= Ronald Collé =

American physicist (born 1946)

Ronald Collé (born February 11, 1946) is an American physicist. He is a specialist in nuclear and radiochemistry, radionuclidic metrology, and the development of standards. He has worked at the National Institute of Standards and Technology (NIST) from 1976 to 2003 and from 2005 to present, and currently serves as a research chemist in the Radioactivity Group of the NIST Physics Laboratory (Ionizing Radiation Division).

Previously, he held research positions at Brookhaven National Laboratory, and at the University of Maryland, College Park. He received a B.Sc. in chemistry from the Georgia Institute of Technology in 1969, a Ph.D. in chemistry (nuclear and radiochemistry) from Rensselaer Polytechnic Institute in 1972,
and an M.S. Adm. (Administration of Science and Technology) from George Washington University in 1979.

Collé and his collaborators have maintained, expanded and improved radioactivity measurement standards for radium-226 and radon-222 to address the requirements to measure these nuclides in drinking water. Collé and collaborators developed methods to analyse and standardize brachytherapy sources, pellets of radioactive material designed to be implanted in the body at site requiring direct radiation exposure.

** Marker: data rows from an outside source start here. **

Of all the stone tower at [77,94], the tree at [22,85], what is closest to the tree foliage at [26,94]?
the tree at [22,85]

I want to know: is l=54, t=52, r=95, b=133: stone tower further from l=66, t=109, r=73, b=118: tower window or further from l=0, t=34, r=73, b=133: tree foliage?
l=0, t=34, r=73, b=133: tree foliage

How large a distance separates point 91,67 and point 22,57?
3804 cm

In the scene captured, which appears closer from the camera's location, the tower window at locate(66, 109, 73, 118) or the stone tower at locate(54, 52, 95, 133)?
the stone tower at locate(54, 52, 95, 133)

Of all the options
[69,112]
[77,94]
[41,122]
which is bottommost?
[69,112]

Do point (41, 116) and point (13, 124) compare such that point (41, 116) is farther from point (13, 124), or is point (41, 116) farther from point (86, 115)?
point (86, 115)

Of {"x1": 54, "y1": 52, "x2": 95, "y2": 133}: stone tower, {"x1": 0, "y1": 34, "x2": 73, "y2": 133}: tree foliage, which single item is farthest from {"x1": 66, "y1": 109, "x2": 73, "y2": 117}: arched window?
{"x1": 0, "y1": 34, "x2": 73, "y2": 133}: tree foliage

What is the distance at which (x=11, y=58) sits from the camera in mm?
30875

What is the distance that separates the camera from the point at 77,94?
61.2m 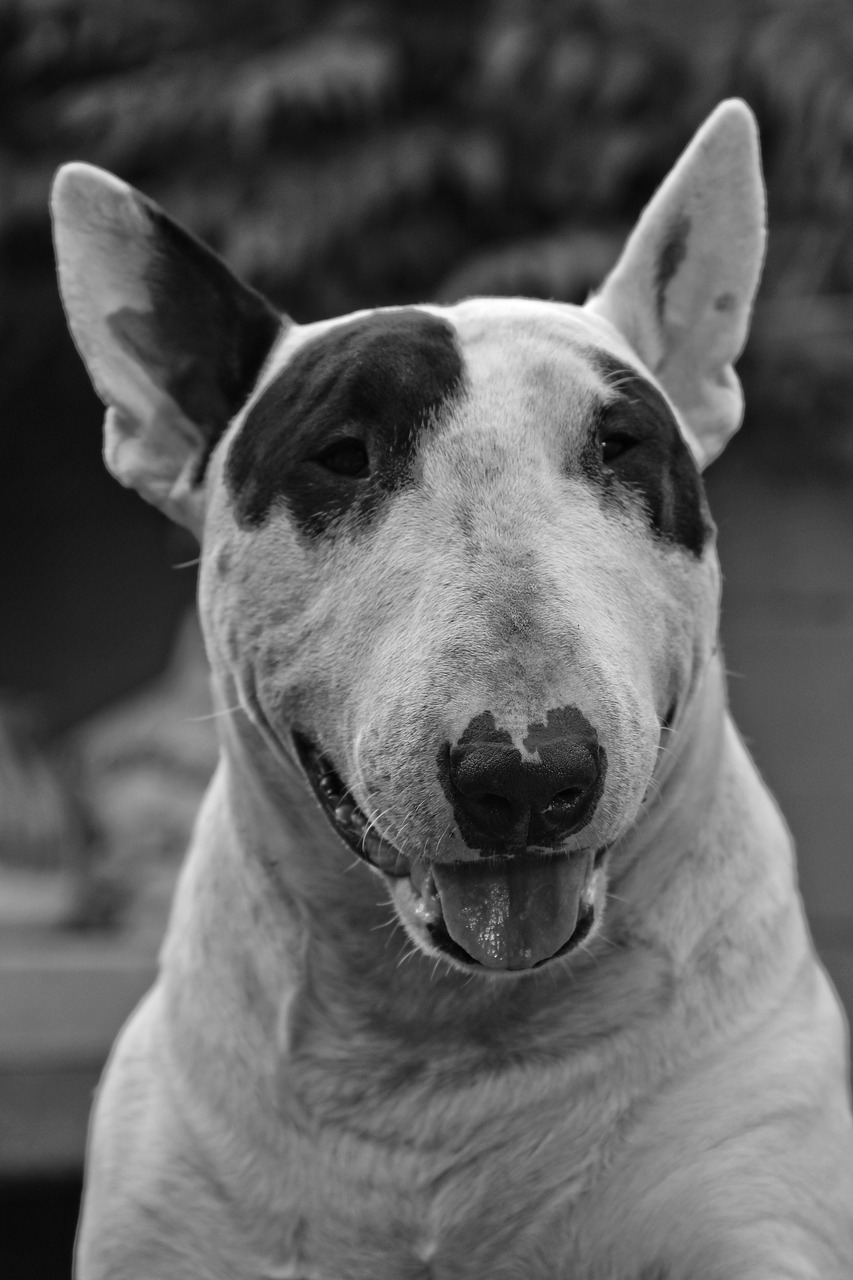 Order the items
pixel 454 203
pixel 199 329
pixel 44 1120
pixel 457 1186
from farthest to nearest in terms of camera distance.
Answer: pixel 454 203, pixel 44 1120, pixel 199 329, pixel 457 1186

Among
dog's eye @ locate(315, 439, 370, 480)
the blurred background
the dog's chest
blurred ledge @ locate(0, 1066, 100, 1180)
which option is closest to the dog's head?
dog's eye @ locate(315, 439, 370, 480)

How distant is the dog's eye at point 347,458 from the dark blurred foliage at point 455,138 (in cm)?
343

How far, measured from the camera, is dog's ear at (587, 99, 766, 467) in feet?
7.02

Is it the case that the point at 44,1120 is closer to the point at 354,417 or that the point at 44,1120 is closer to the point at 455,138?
the point at 354,417

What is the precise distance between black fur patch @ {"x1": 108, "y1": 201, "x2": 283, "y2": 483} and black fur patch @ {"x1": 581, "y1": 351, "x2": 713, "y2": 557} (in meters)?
0.49

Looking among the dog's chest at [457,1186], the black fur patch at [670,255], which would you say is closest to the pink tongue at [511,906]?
the dog's chest at [457,1186]

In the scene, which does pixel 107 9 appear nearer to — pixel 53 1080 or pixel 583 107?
pixel 583 107

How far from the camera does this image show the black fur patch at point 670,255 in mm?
2166

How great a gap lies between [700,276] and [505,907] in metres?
1.00

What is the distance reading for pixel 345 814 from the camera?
5.94ft

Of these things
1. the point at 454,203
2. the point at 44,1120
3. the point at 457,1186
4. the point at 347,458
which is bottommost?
the point at 44,1120

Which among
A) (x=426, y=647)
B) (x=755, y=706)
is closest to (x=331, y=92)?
(x=755, y=706)

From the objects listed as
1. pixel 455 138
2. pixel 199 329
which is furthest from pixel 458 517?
pixel 455 138

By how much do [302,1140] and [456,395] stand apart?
90 centimetres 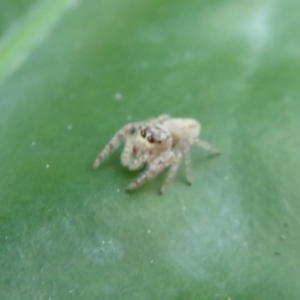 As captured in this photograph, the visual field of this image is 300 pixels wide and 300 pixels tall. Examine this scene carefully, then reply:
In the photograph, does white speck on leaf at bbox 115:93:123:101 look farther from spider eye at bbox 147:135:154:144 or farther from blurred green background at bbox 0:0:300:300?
spider eye at bbox 147:135:154:144

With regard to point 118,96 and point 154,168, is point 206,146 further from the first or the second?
point 118,96

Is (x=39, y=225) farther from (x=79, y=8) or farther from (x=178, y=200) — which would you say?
(x=79, y=8)

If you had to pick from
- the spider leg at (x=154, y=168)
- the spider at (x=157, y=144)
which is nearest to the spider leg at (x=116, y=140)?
the spider at (x=157, y=144)

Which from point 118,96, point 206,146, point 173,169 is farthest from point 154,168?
point 118,96

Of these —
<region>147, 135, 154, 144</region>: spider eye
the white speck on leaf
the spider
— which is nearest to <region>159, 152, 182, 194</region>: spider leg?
the spider

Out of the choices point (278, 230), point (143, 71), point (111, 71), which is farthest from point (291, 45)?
point (278, 230)

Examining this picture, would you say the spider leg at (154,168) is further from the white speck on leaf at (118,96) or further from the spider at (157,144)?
the white speck on leaf at (118,96) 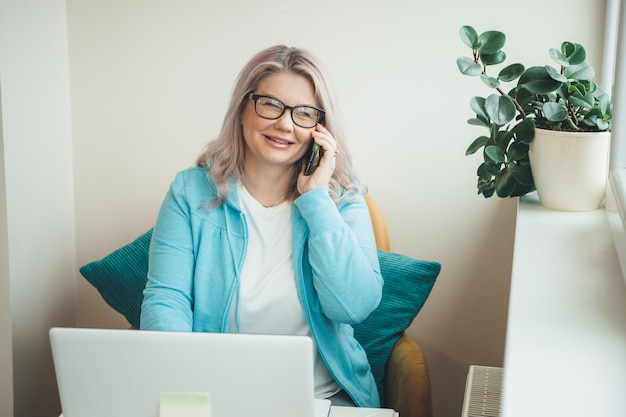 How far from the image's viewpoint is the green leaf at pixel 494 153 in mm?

An important part of metrology and standards development is understanding and taking into account uncertainties that are inherent in the instruments or that arise from methodology. Collé co-authored a paper with Churchill Eisenhart and Harry Ku, which was the forerunner of the 1993 ISO Guide to the Expression of Uncertainty in Measurement.

Collé has published over ninety research papers, and from 1999 through 2004 was an associate editor of the Journal of Research of the National Institute of Standards and Technology.